Gore Vidal Wanted to be Remembered for Having the Fullest Head of Hair of Any Novelist of His Time

Gore Vidal. Norman Mailer. Two great writers and thinkers of their time. Apparently they didn't like each other. Then Esquire sent someone to interview them and apparently they liked each other after that. Or something. Whatever the case, Esquire published that interview in May 1991, and today, for the first time ever, made it available online.

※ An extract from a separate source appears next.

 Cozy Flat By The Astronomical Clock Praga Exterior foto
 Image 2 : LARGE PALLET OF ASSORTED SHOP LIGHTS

Here's a couple exchanges I rather liked. And here's the link to the whole interview. And I also definitely cribbed that image from the Esquire website, just FYI.
Enjoy:
Norman: I don't read other writers because I'm writing all the time. It's too disturbing to read a writer with a good style when you're in the middle of putting your work together. I've used this image before: It's very much like taking your car apart and having all the pieces on the floor when somebody rides by in a Ferrari. Now, you may hear a note in the Ferrari and say, That motor needs a little tuning. But nonetheless that car is there and yours is on the floor. So while I'm working on a book, I rarely read anything more than The New York Times. Which may have the long-term effect of flattening my style.
Vidal: Also, reading other people… we're very suggestible, writers. And I think when you're writing something, another person's work can leak into your own style.

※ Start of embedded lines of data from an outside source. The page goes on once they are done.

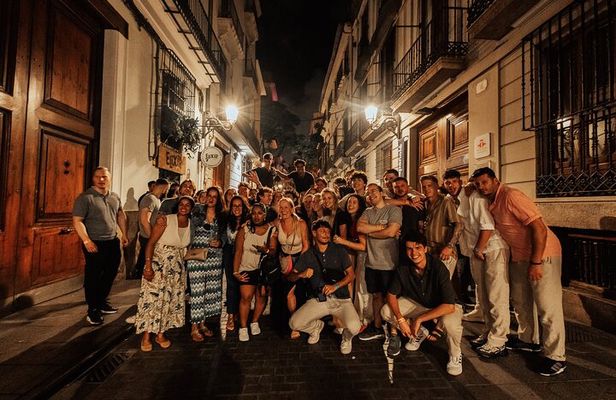 Pub Crawl Valencia | The Biggest | Club Entry Included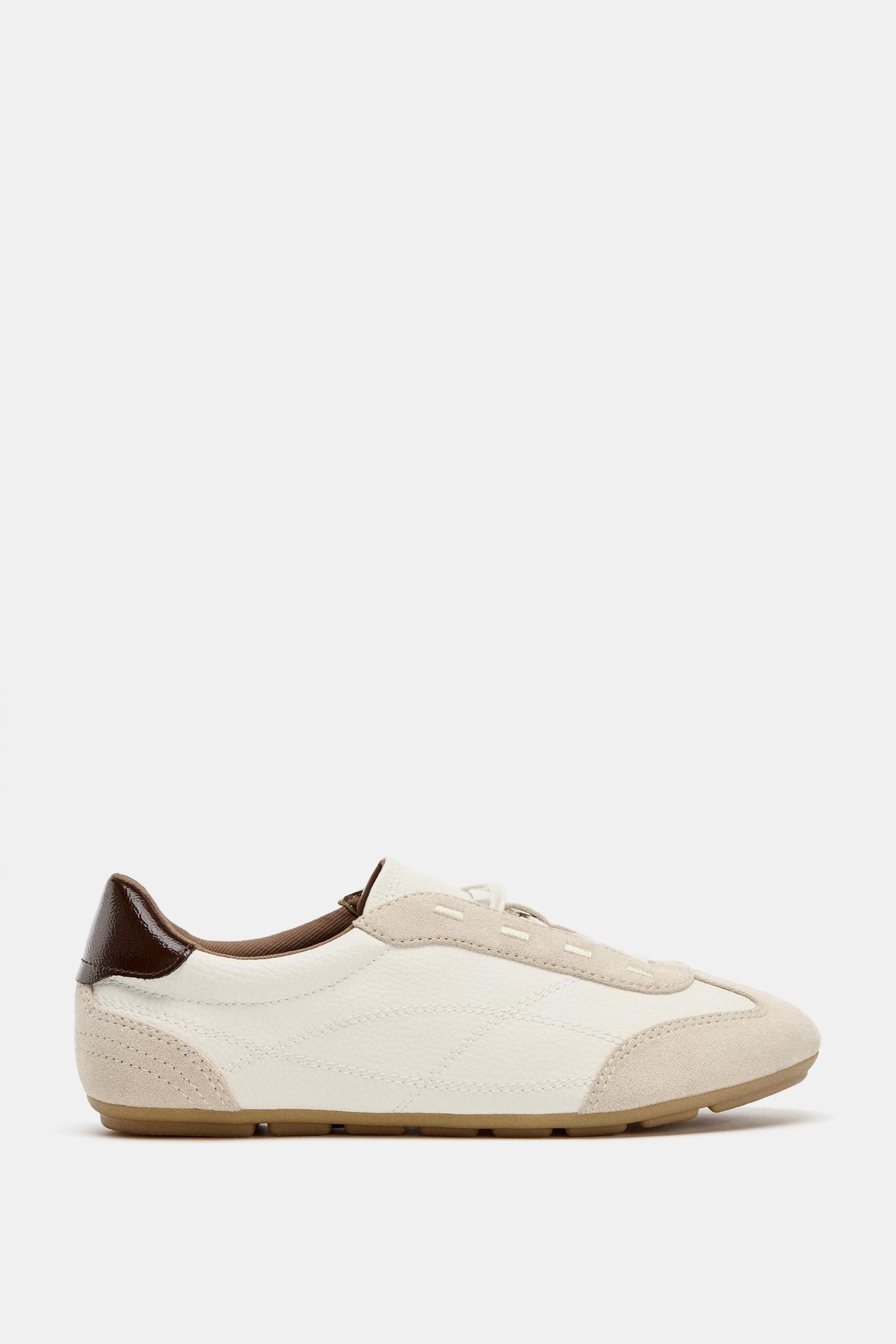 Contrast Running Shoes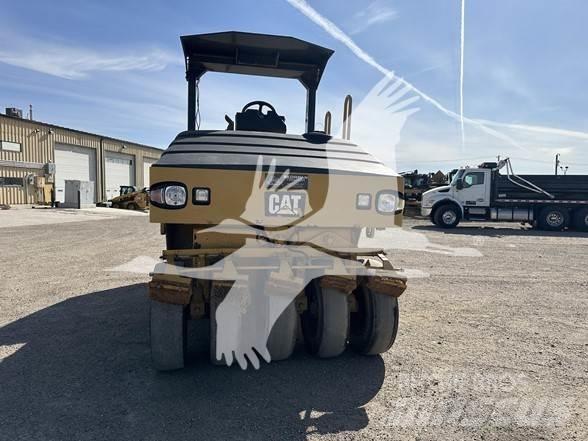 CAT CW14 タイヤローラ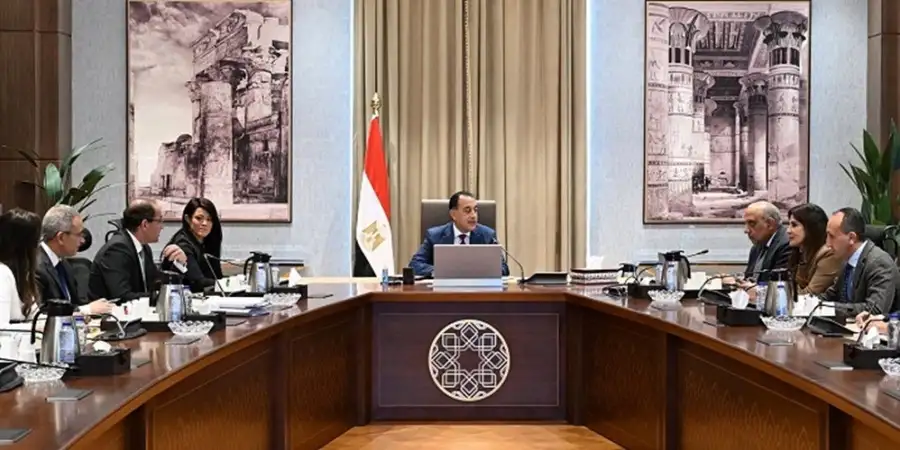 مدبولي يتابع موقف توافر التمويل لمشروعات الكهرباء ودعم الشبكة القومية لاستيعاب الطاقات المتجددة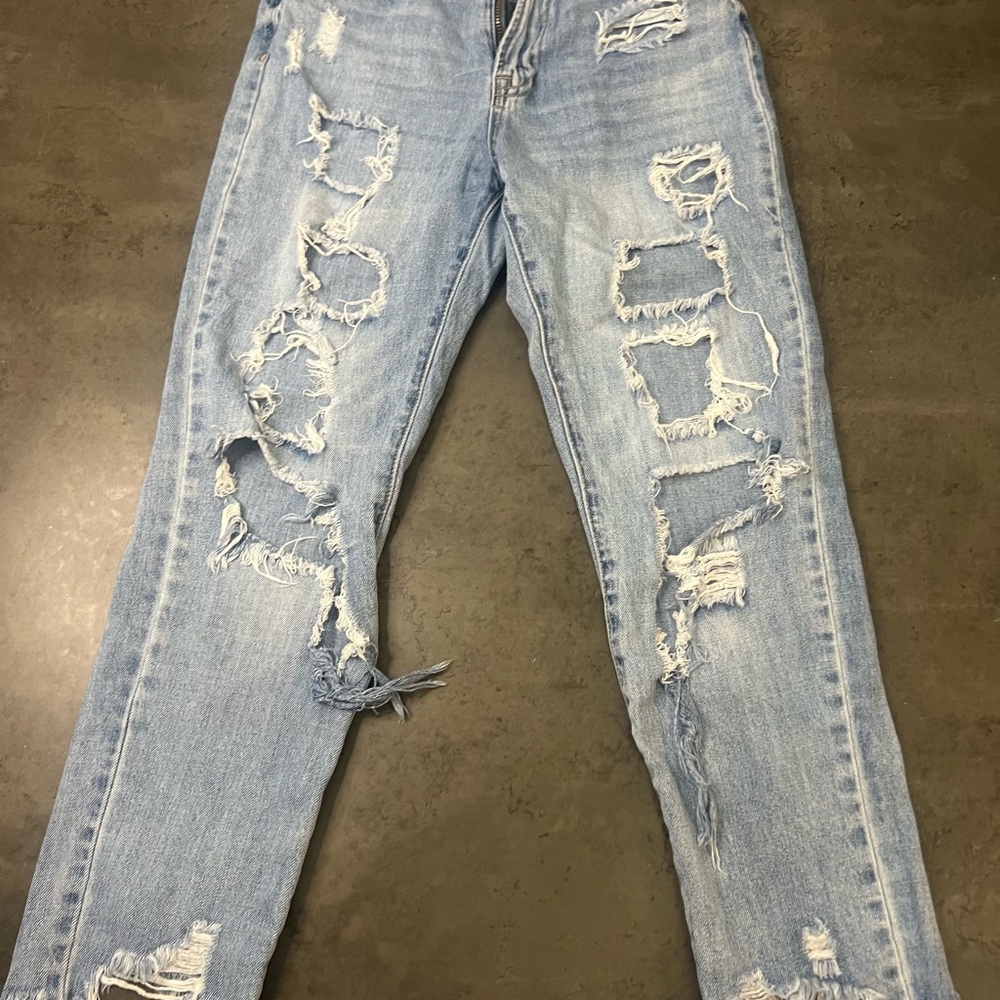 Trendy Distressed Light Blue Boyfriend Jeans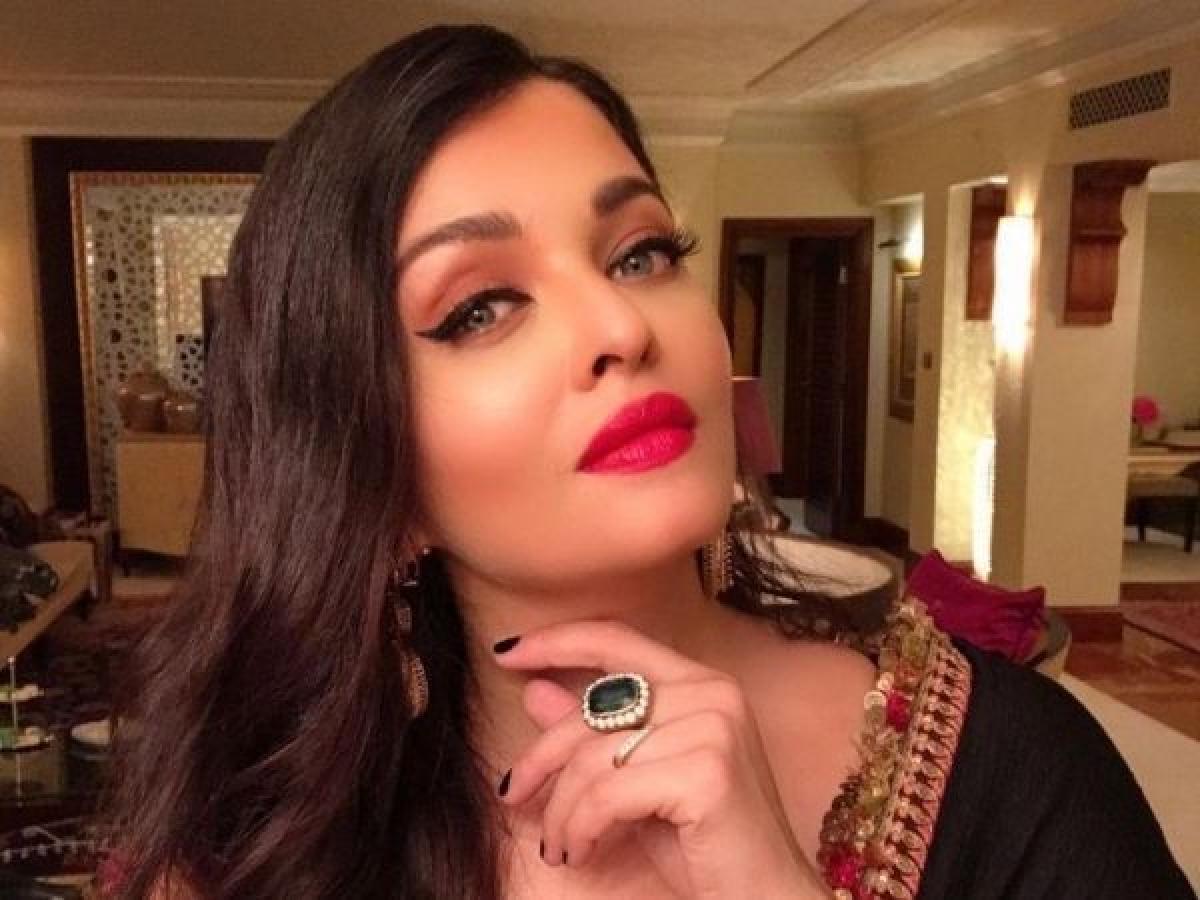 How to Get Aishwarya Rai's Makeup Look Formal Christmas Party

You don't still want to be known for writing the best sentences, which I think Capote claimed you said.
Vidal: Well, I said that to somebody — not Capote. It's a dumb answer to a dumb question: "What do you want to be remembered for?" I might have said, you know, for having the fullest head of hair of any novelist of my time. SO I said for having written the best sentences. I notice a sharp look from Mailer here on "the fullest head of hair."
Mailer: No, I was looking at your hair and I was comparing it with mine.
You're a Democrat, Gore. What do you think of the party now?
Vidal: I have no interest in either political party as they are the same political party, and the sooner we get rid of this political system, the better. We no longer have a republic. We have a national security state. And the sooner that is thrown over, the better. I would like to do it in an orderly way, through a constitutional convention, which Thomas Jefferson prescribed once a generation. But since we haven't had one in two hundred years, nothing works. So I have no interest in either of the political parties, because the same people pay for both of them and their candidates.
How do you feel about that, Norman?
Mailer: I agree with most of what Gore just said. The one place where I shrug my shoulders is talk of constitutional conventions, because I don't see that happening. I think this country has come to a point where it's in the lap of history. It's comparable to any number of great nations that went through various kinds of decadence and dissolution of the particular sources of energy that had fueled the country and helped it to become a great one.
In America we now have our sex and our sexual freedom because what we're really interested in these days is not sex , but power. This is where I agree completely with Gore. The main power is held by the military-industrial complex and it's been that way since World War II. But it's enormously articulated now. It has almost total grasp the center of everything in American life. Other people only get little bits of power. The people who fight for more money for AIDS organizations belong to a little power group. The women, the blacks, the Jews, the Moslems, the National Rifle Association. You have power groups from Left to Right — all over the country, and they go nowhere. They exist in order to maintain the sense of power of the people who are in those organizations, but what they also do is paralyze any possibility of a large political movement. I dread the thought of a constitutional convention. Just think of all those power groups loose. None of them able to think in terms of a larger whole. They're totally inadequate as diplomates, negotiators, people who have a vision of history.